== ASSIGNED TASK ==
Extract, exactly as written, each line from the start of the records below to the line containing "Courant Two Handle", both ends included; drop the pictures.

== ENTRIES SHOWN ==
-- Opening Marker --

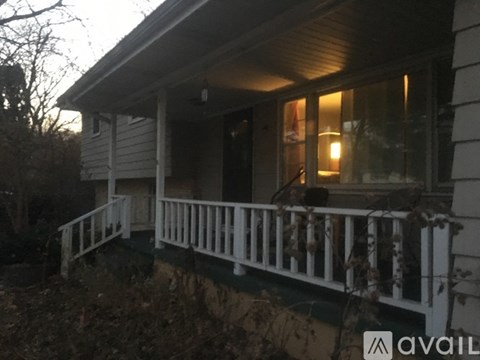 A house with a porch and a lit window.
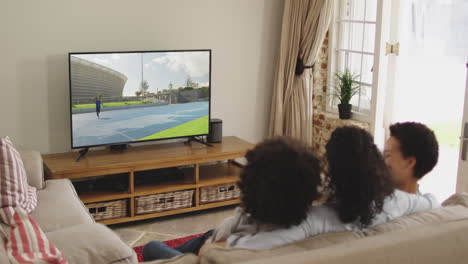 composite of happy family sitting at home together watching javelin athletics event on tv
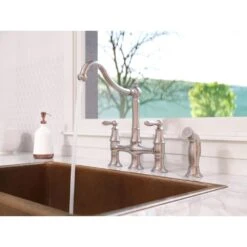 Courant Two Handle Bridge Kitchen Faucet With Side Spray In Stainless Steel -Valpar Bathroom Shop 52bc5f7b81e381246de5c92b9e39d6f9 1800x1800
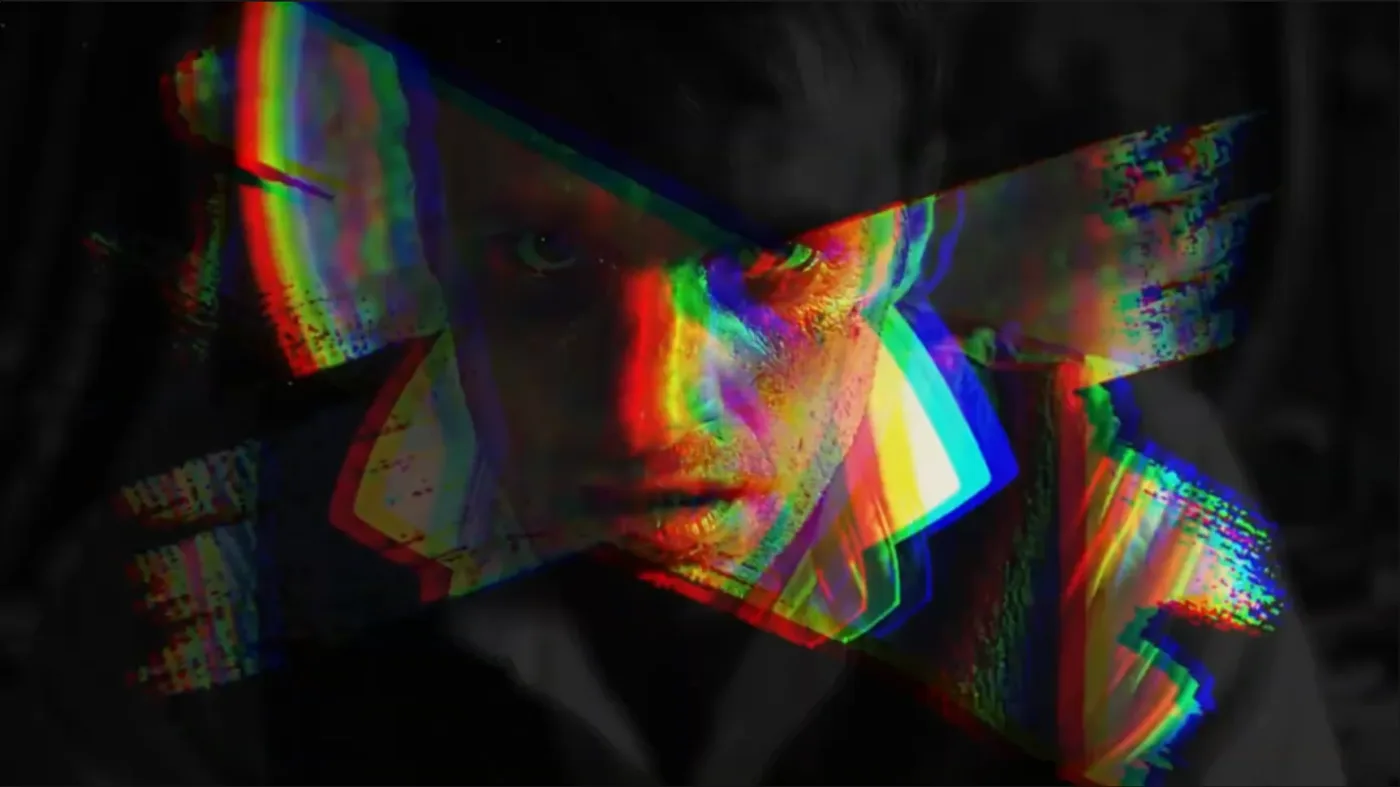 A fractured multicoloured portrait representing a mind caught in spiralling thoughts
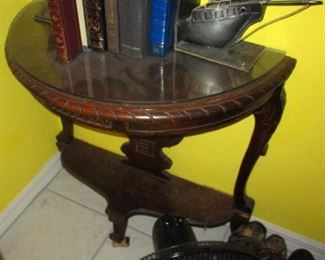 Carved mahogany console table with unusual heavy metal book ends representing the bow and stern of  a wrecked ship.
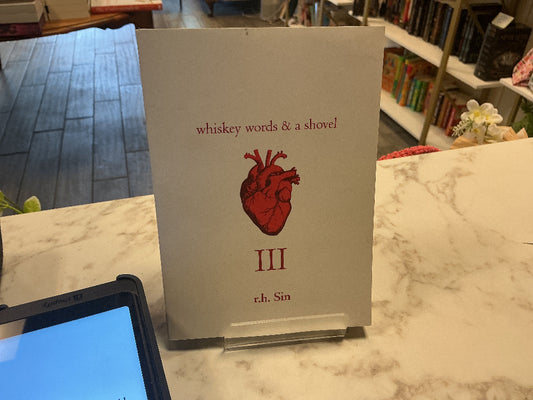 A book cover or booklet titled "whiskey words & a shovel" with a red anatomical heart illustration and the Roman numeral III, displayed on a marble counter in a bookstore or library setting.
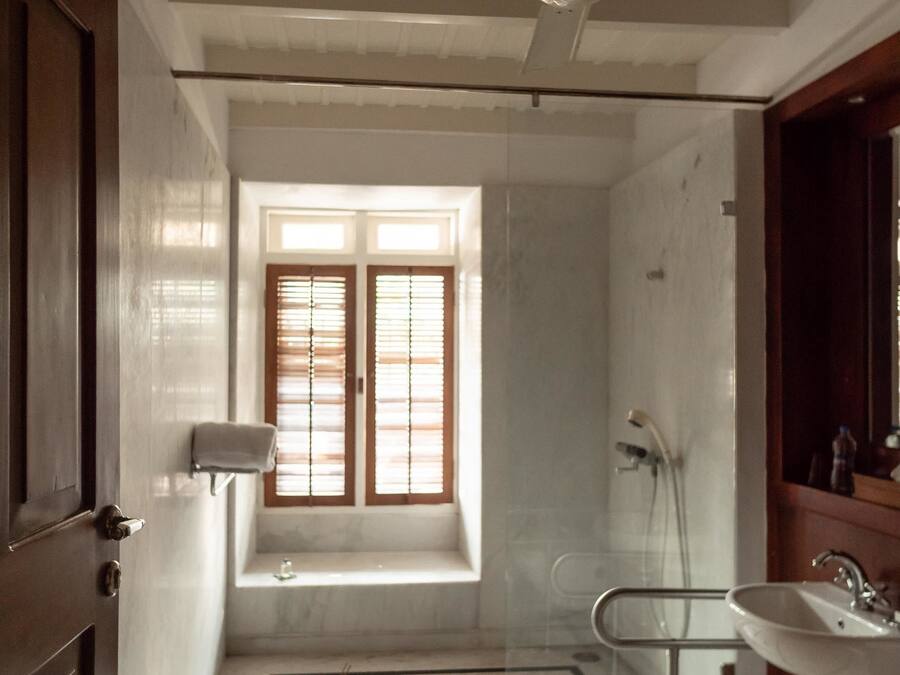 Een badkamer met een bad, een wastafel en een raam met zonwering.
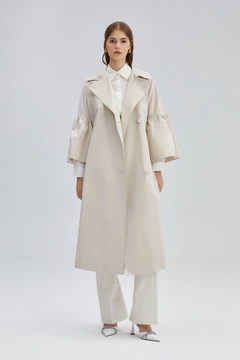 Bir model, Touche Prive toptan giyim markasının 34699 - Trenchcoat With Pearl Belt toptan Trençkot ürününü sergiliyor.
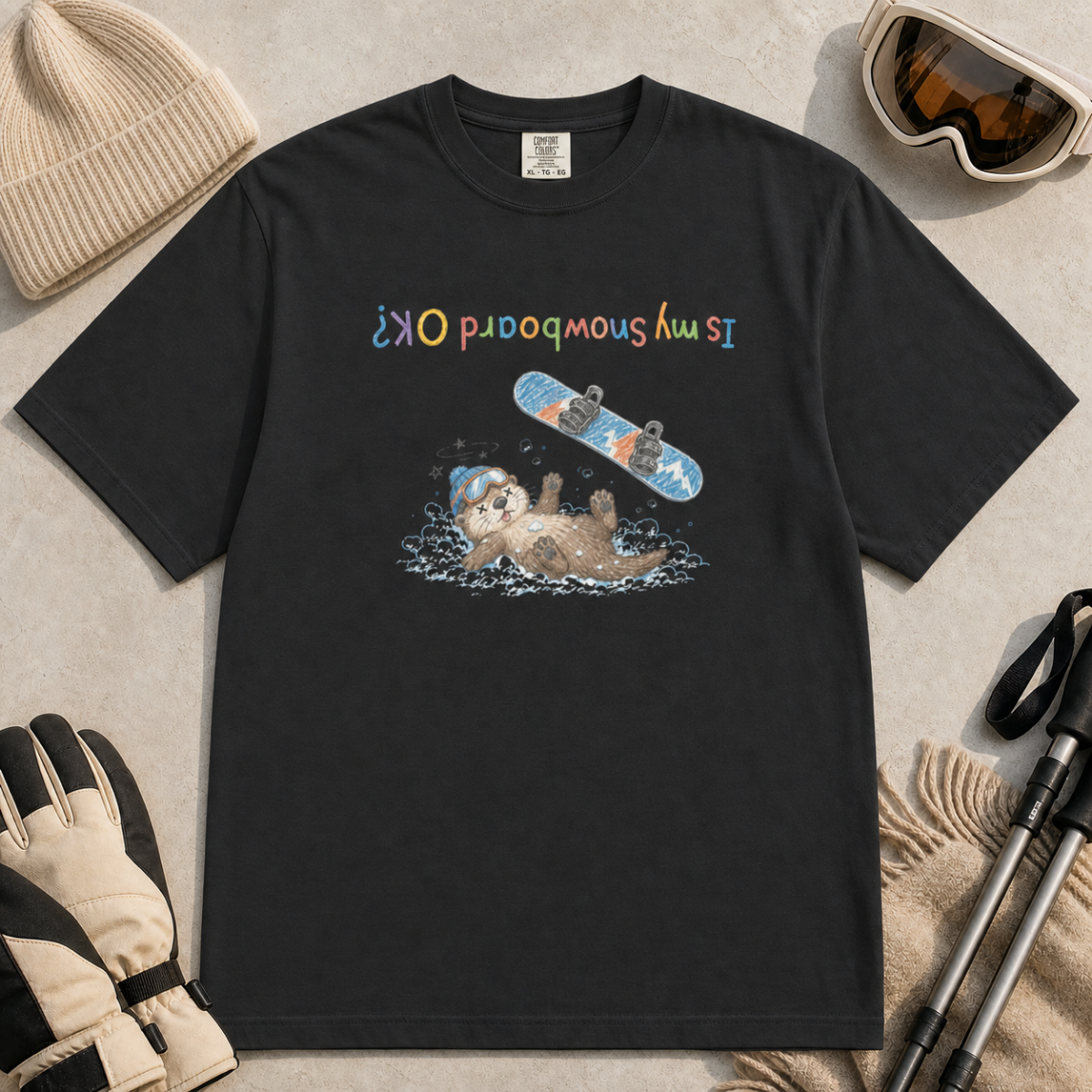 Flat lay of a black t-shirt featuring an upside-down “Is My Snowboard OK?” design with a dazed otter lying in the snow beneath a loose snowboard.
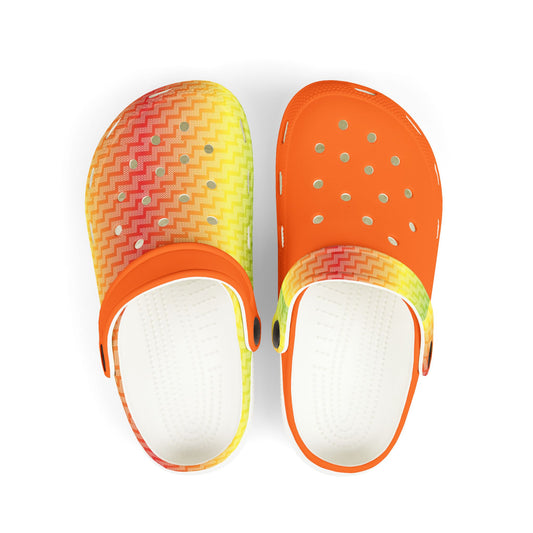 Pair of croc-style clogs with multicolor zigzag uppers and orange perforated tops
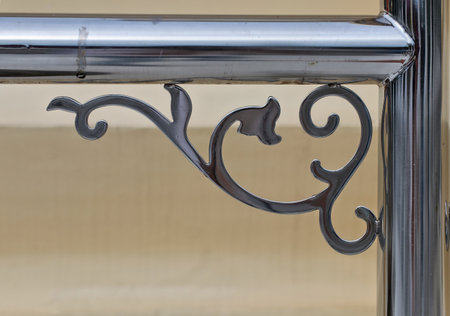 Details of the steel door with various shaped decorative elements with stainless steel.の写真素材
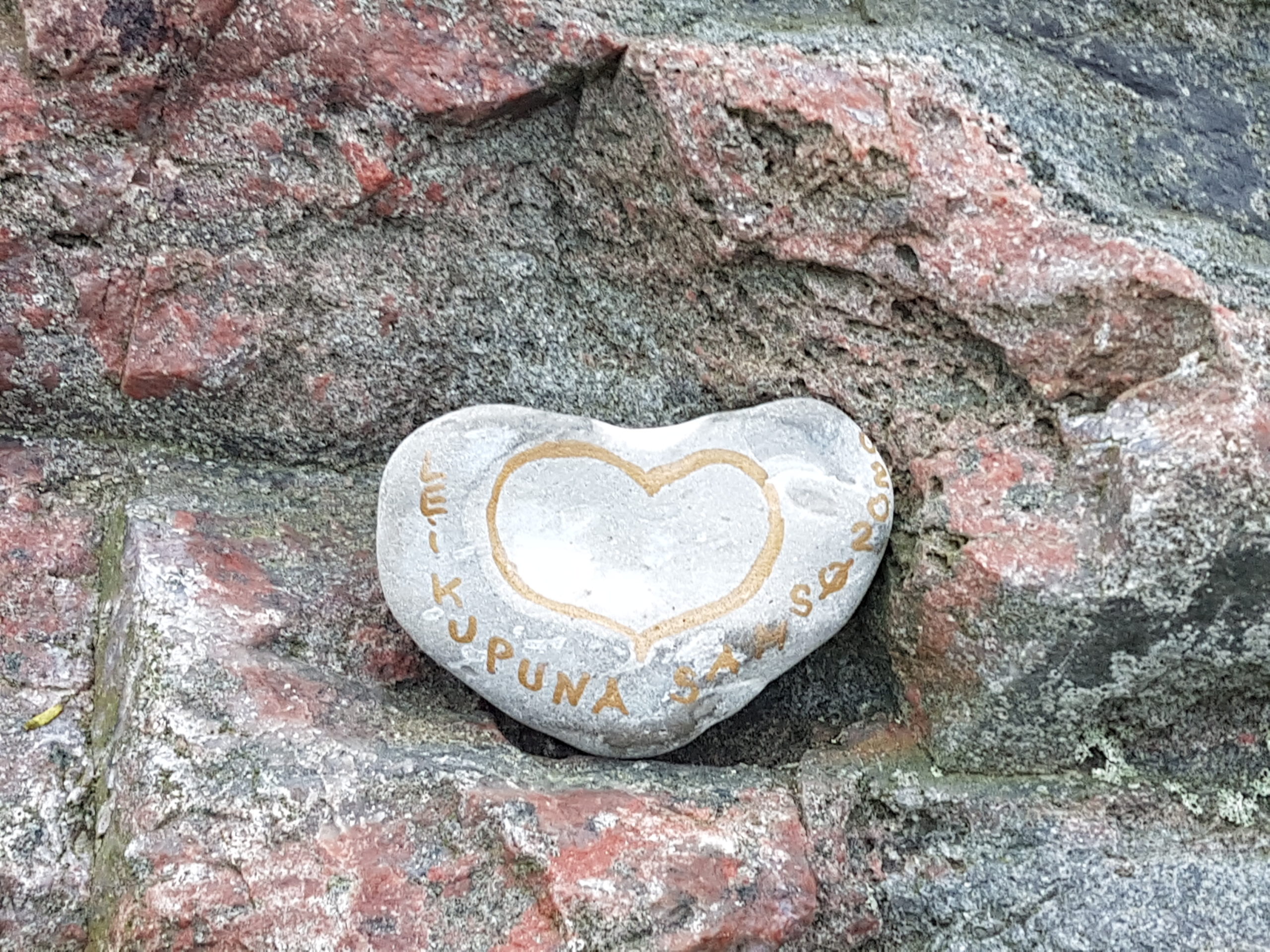Ein herzförmiger Stein an einer Felswand.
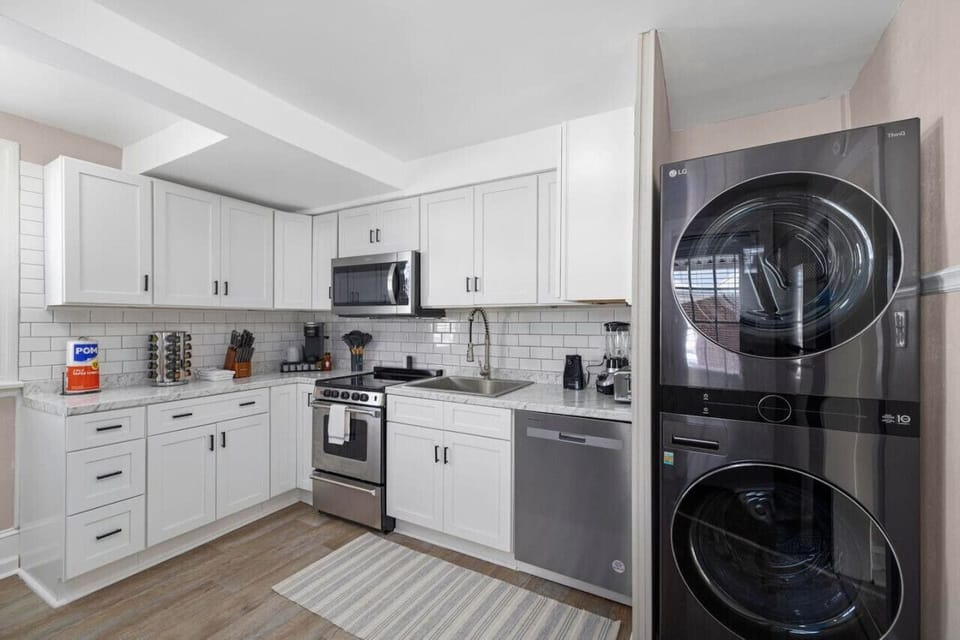 A modern kitchen and laundry set up.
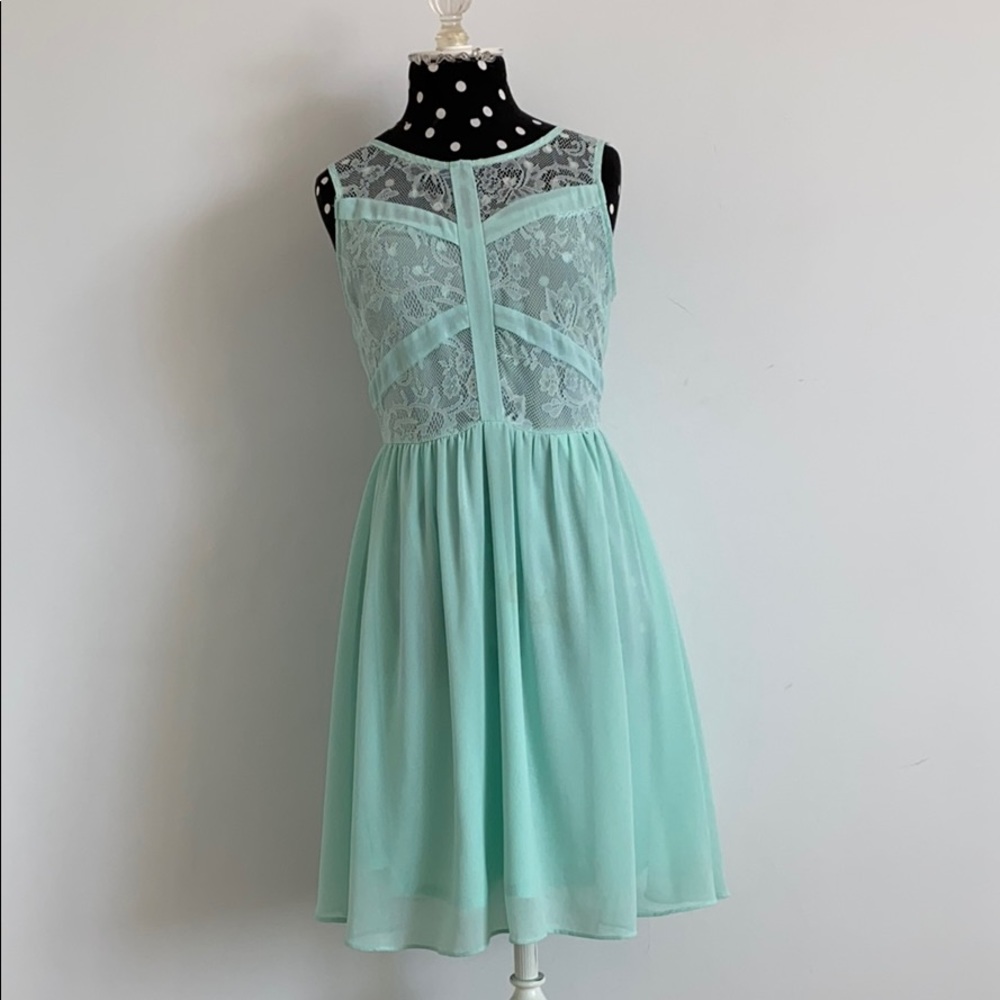 Teal dress with lace bodice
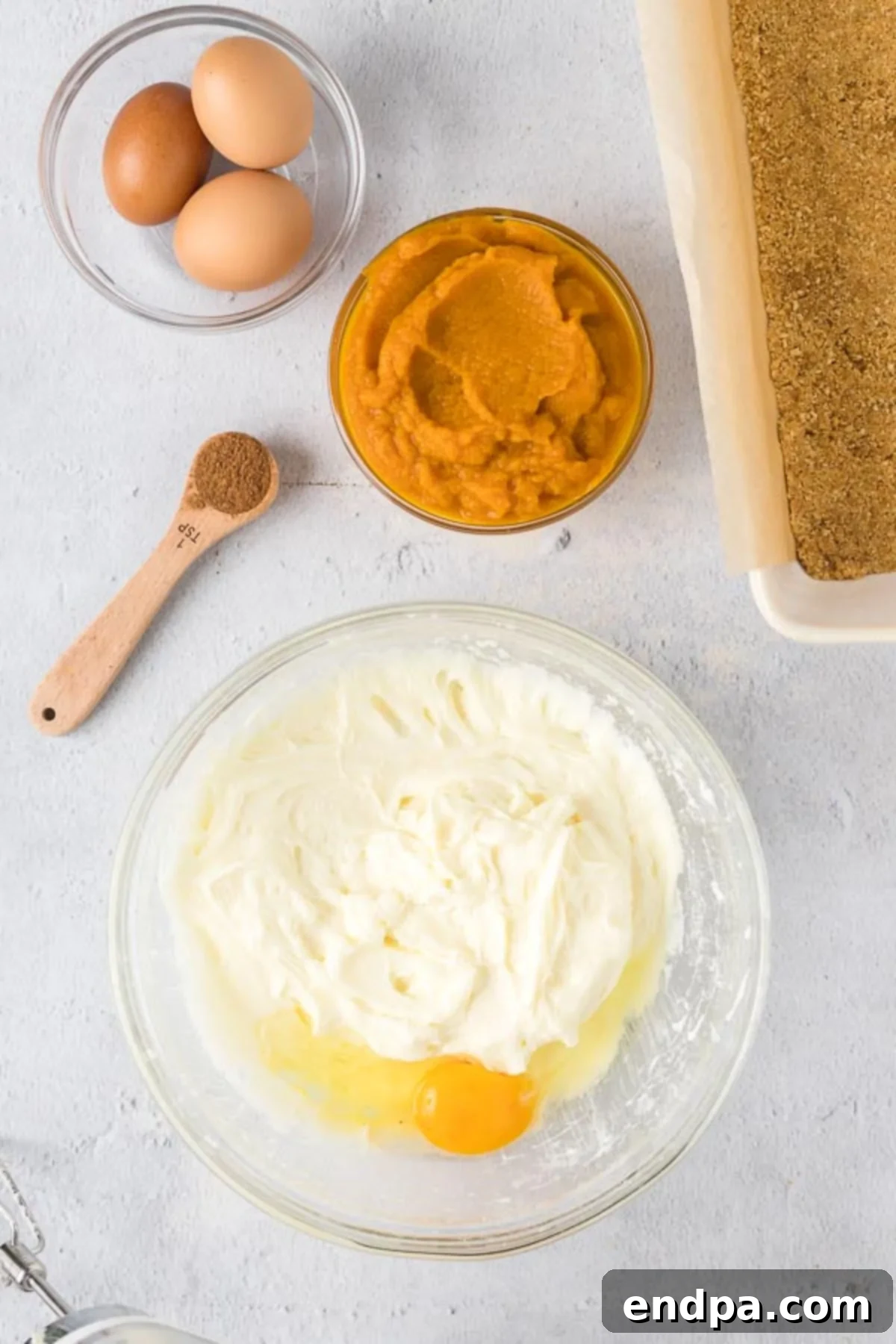 Spiced Pumpkin Cheesecake Bars 7 The eggs being mixed into the mix bowl with the cream cheese and the sugar already combined and fluffy.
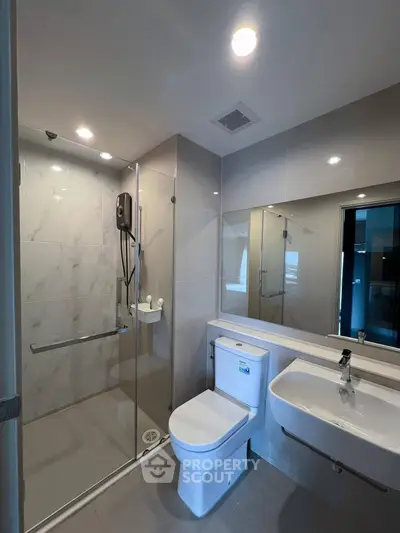 Modern bathroom with glass shower and sleek fixtures in a contemporary home.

-- Closing Marker --

== ANSWER TO THE EXERCISE ==
 A house with a porch and a lit window.
 composite of happy family sitting at home together watching javelin athletics event on tv
 Courant Two Handle Bridge Kitchen Faucet With Side Spray In Stainless Steel -Valpar Bathroom Shop 52bc5f7b81e381246de5c92b9e39d6f9 1800x1800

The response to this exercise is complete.